----- DATA SHOWN -----

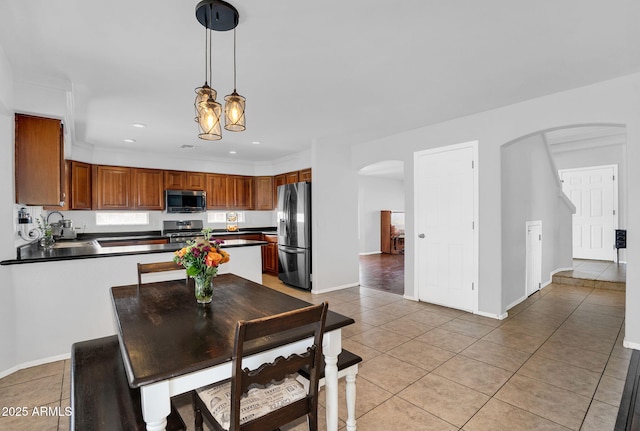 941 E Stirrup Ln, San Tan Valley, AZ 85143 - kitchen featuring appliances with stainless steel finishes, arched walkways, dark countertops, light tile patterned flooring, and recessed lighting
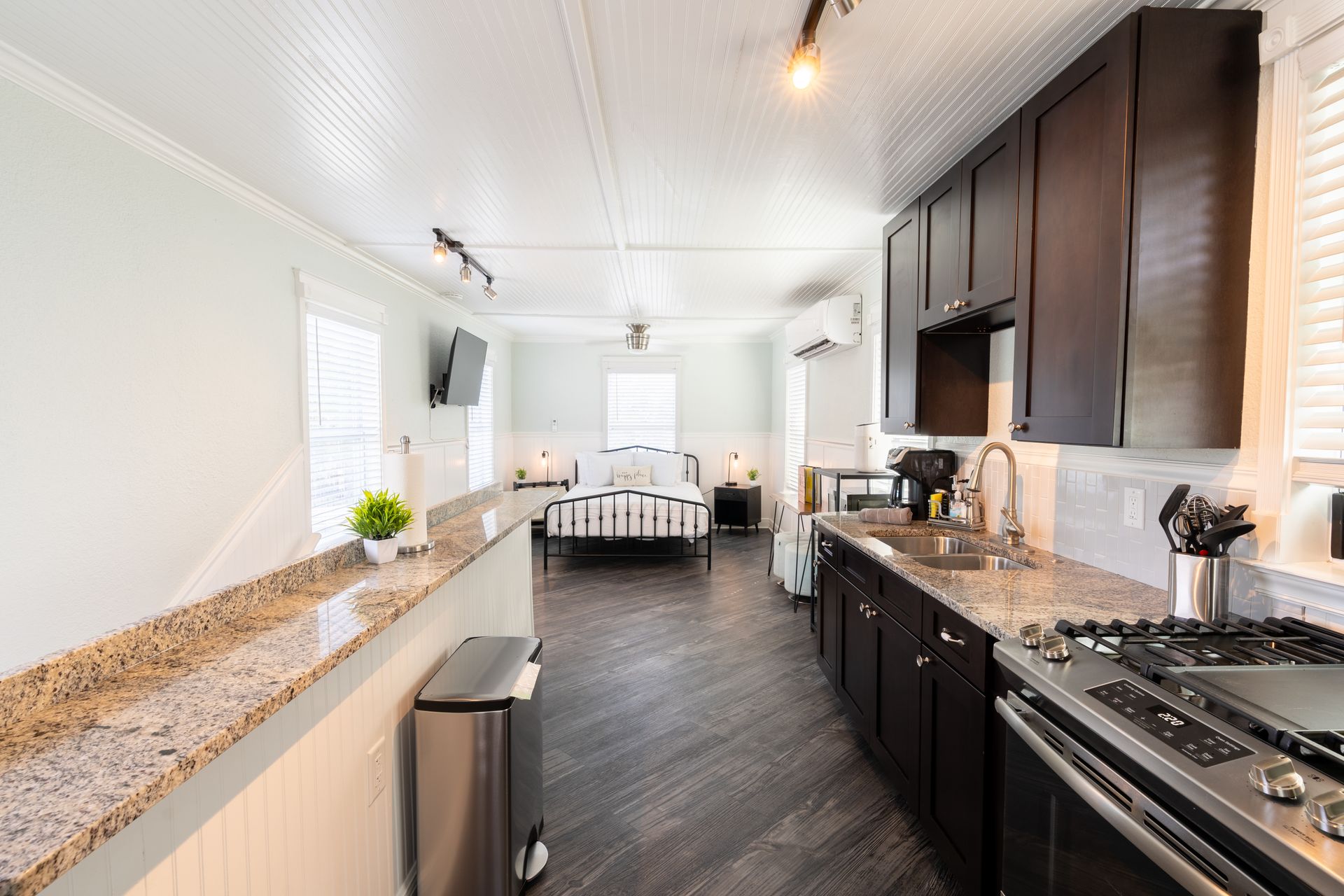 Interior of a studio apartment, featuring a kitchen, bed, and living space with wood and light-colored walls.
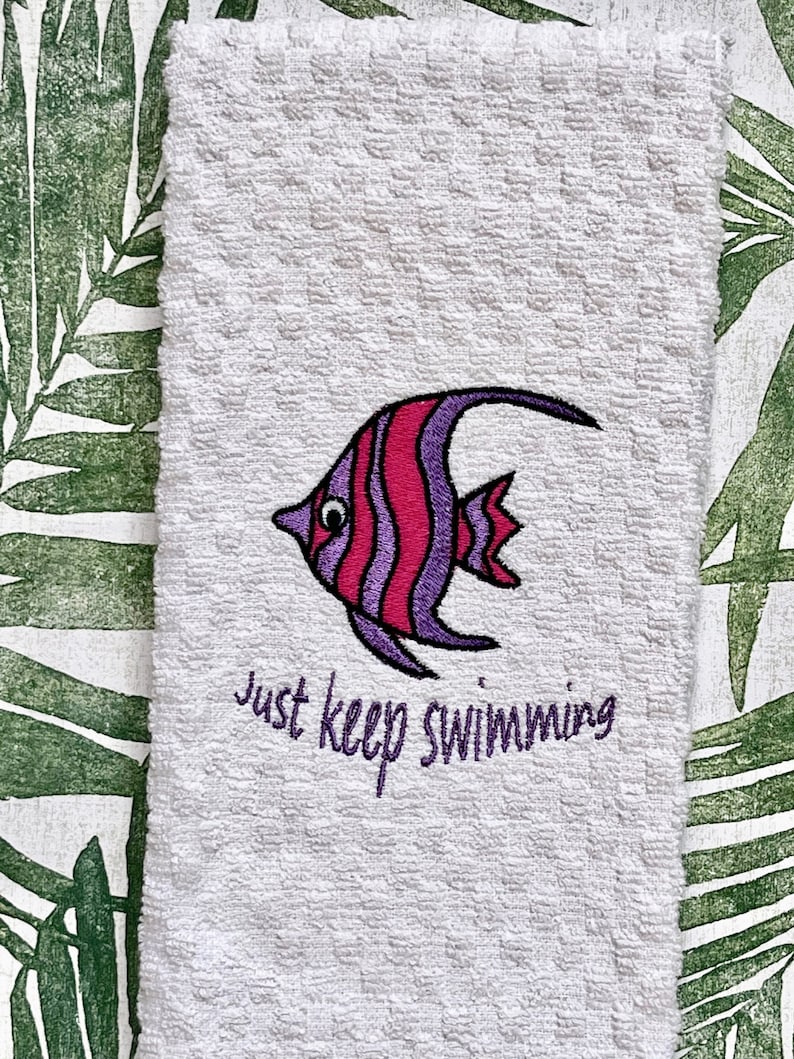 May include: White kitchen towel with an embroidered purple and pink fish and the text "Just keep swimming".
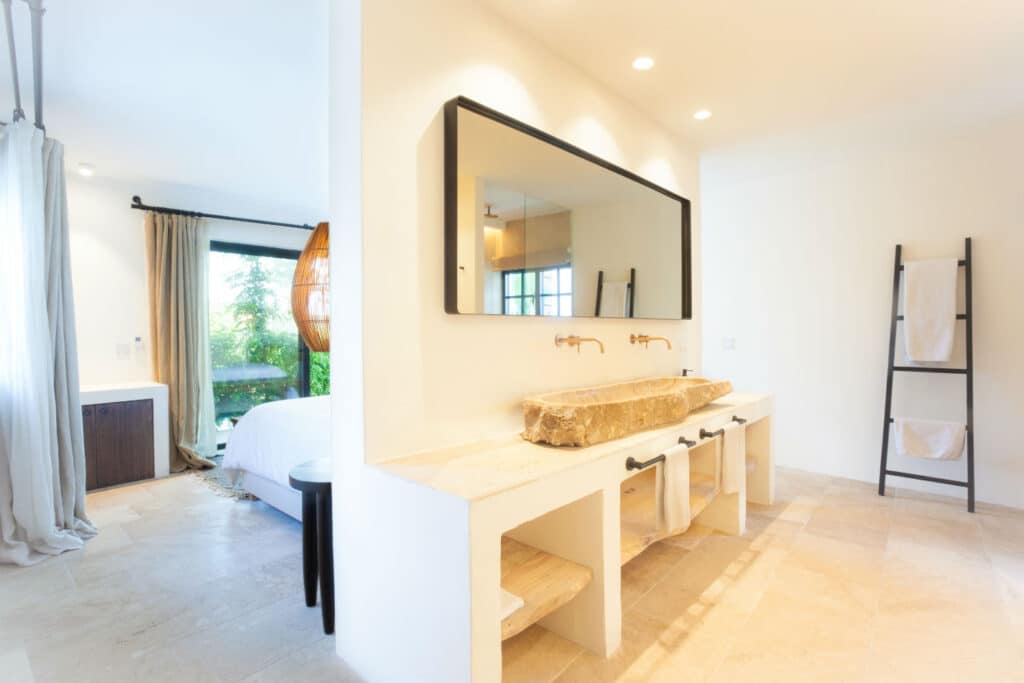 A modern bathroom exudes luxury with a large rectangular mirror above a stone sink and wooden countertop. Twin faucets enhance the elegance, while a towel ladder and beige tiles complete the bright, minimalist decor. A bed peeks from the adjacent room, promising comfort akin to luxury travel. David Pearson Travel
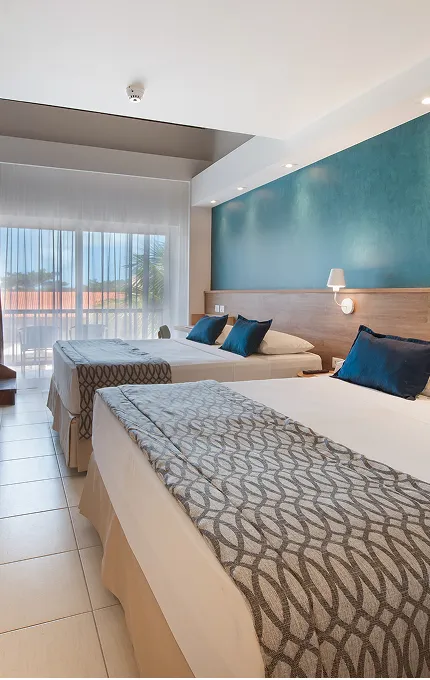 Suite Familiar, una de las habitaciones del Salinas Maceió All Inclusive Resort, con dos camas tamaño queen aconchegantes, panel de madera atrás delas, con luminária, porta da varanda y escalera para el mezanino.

-----

Return every entry above exactly as written, with no pictures included.

 941 E Stirrup Ln, San Tan Valley, AZ 85143 - kitchen featuring appliances with stainless steel finishes, arched walkways, dark countertops, light tile patterned flooring, and recessed lighting
 Interior of a studio apartment, featuring a kitchen, bed, and living space with wood and light-colored walls.
 May include: White kitchen towel with an embroidered purple and pink fish and the text "Just keep swimming".
 A modern bathroom exudes luxury with a large rectangular mirror above a stone sink and wooden countertop. Twin faucets enhance the elegance, while a towel ladder and beige tiles complete the bright, minimalist decor. A bed peeks from the adjacent room, promising comfort akin to luxury travel. David Pearson Travel
 Suite Familiar, una de las habitaciones del Salinas Maceió All Inclusive Resort, con dos camas tamaño queen aconchegantes, panel de madera atrás delas, con luminária, porta da varanda y escalera para el mezanino.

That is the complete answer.